EXERCISE DETAILS: Could you output all of the records below exactly as they appear?
____ THE DATA
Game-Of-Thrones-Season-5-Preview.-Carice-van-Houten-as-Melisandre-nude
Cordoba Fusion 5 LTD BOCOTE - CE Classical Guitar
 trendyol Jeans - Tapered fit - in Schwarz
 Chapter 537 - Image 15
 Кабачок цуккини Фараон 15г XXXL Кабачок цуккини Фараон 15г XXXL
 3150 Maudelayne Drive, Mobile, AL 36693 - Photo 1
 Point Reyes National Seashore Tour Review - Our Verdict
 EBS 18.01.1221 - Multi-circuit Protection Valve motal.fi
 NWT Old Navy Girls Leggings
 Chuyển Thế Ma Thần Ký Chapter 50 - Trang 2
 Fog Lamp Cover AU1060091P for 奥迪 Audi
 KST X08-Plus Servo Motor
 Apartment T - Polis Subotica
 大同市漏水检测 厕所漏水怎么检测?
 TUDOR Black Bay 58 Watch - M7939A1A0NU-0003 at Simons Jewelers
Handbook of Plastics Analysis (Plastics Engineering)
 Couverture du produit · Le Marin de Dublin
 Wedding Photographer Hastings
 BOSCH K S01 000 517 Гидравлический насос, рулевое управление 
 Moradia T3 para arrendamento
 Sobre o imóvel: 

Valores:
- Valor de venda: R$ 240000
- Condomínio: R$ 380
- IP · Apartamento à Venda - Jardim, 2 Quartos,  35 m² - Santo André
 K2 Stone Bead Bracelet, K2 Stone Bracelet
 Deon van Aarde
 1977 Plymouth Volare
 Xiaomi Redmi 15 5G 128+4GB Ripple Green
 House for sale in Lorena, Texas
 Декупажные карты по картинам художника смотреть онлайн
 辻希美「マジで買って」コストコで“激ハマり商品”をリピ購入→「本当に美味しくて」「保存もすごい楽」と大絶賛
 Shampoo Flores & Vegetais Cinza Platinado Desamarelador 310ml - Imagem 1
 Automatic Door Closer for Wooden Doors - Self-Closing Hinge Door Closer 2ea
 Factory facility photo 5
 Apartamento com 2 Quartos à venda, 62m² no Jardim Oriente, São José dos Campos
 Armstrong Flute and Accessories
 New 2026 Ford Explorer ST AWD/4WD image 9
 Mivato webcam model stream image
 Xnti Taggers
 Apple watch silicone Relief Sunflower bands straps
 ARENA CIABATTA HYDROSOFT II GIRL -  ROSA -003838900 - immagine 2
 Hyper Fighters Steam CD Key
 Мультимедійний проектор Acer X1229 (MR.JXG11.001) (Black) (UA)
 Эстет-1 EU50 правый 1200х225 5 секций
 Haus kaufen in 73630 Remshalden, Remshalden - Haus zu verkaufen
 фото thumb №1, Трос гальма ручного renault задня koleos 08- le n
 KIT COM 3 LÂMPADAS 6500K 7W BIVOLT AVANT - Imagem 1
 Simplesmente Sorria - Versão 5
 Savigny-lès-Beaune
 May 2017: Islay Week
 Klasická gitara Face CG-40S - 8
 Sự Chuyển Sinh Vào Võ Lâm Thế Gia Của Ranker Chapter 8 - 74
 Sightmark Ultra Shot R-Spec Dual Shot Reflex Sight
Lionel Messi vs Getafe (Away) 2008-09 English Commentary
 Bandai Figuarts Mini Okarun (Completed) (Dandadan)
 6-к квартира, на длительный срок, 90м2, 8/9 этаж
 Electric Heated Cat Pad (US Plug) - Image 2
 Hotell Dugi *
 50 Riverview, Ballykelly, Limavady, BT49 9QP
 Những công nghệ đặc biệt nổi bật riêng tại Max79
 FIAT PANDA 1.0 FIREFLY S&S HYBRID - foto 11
________
OUTPUT FOR THIS EXERCISE:
Game-Of-Thrones-Season-5-Preview.-Carice-van-Houten-as-Melisandre-nude
Cordoba Fusion 5 LTD BOCOTE - CE Classical Guitar
 trendyol Jeans - Tapered fit - in Schwarz
 Chapter 537 - Image 15
 Кабачок цуккини Фараон 15г XXXL Кабачок цуккини Фараон 15г XXXL
 3150 Maudelayne Drive, Mobile, AL 36693 - Photo 1
 Point Reyes National Seashore Tour Review - Our Verdict
 EBS 18.01.1221 - Multi-circuit Protection Valve motal.fi
 NWT Old Navy Girls Leggings
 Chuyển Thế Ma Thần Ký Chapter 50 - Trang 2
 Fog Lamp Cover AU1060091P for 奥迪 Audi
 KST X08-Plus Servo Motor
 Apartment T - Polis Subotica
 大同市漏水检测 厕所漏水怎么检测?
 TUDOR Black Bay 58 Watch - M7939A1A0NU-0003 at Simons Jewelers
Handbook of Plastics Analysis (Plastics Engineering)
 Couverture du produit · Le Marin de Dublin
 Wedding Photographer Hastings
 BOSCH K S01 000 517 Гидравлический насос, рулевое управление 
 Moradia T3 para arrendamento
 Sobre o imóvel: 

Valores:
- Valor de venda: R$ 240000
- Condomínio: R$ 380
- IP · Apartamento à Venda - Jardim, 2 Quartos,  35 m² - Santo André
 K2 Stone Bead Bracelet, K2 Stone Bracelet
 Deon van Aarde
 1977 Plymouth Volare
 Xiaomi Redmi 15 5G 128+4GB Ripple Green
 House for sale in Lorena, Texas
 Декупажные карты по картинам художника смотреть онлайн
 辻希美「マジで買って」コストコで“激ハマり商品”をリピ購入→「本当に美味しくて」「保存もすごい楽」と大絶賛
 Shampoo Flores & Vegetais Cinza Platinado Desamarelador 310ml - Imagem 1
 Automatic Door Closer for Wooden Doors - Self-Closing Hinge Door Closer 2ea
 Factory facility photo 5
 Apartamento com 2 Quartos à venda, 62m² no Jardim Oriente, São José dos Campos
 Armstrong Flute and Accessories
 New 2026 Ford Explorer ST AWD/4WD image 9
 Mivato webcam model stream image
 Xnti Taggers
 Apple watch silicone Relief Sunflower bands straps
 ARENA CIABATTA HYDROSOFT II GIRL -  ROSA -003838900 - immagine 2
 Hyper Fighters Steam CD Key
 Мультимедійний проектор Acer X1229 (MR.JXG11.001) (Black) (UA)
 Эстет-1 EU50 правый 1200х225 5 секций
 Haus kaufen in 73630 Remshalden, Remshalden - Haus zu verkaufen
 фото thumb №1, Трос гальма ручного renault задня koleos 08- le n
 KIT COM 3 LÂMPADAS 6500K 7W BIVOLT AVANT - Imagem 1
 Simplesmente Sorria - Versão 5
 Savigny-lès-Beaune
 May 2017: Islay Week
 Klasická gitara Face CG-40S - 8
 Sự Chuyển Sinh Vào Võ Lâm Thế Gia Của Ranker Chapter 8 - 74
 Sightmark Ultra Shot R-Spec Dual Shot Reflex Sight
Lionel Messi vs Getafe (Away) 2008-09 English Commentary
 Bandai Figuarts Mini Okarun (Completed) (Dandadan)
 6-к квартира, на длительный срок, 90м2, 8/9 этаж
 Electric Heated Cat Pad (US Plug) - Image 2
 Hotell Dugi *
 50 Riverview, Ballykelly, Limavady, BT49 9QP
 Những công nghệ đặc biệt nổi bật riêng tại Max79
 FIAT PANDA 1.0 FIREFLY S&S HYBRID - foto 11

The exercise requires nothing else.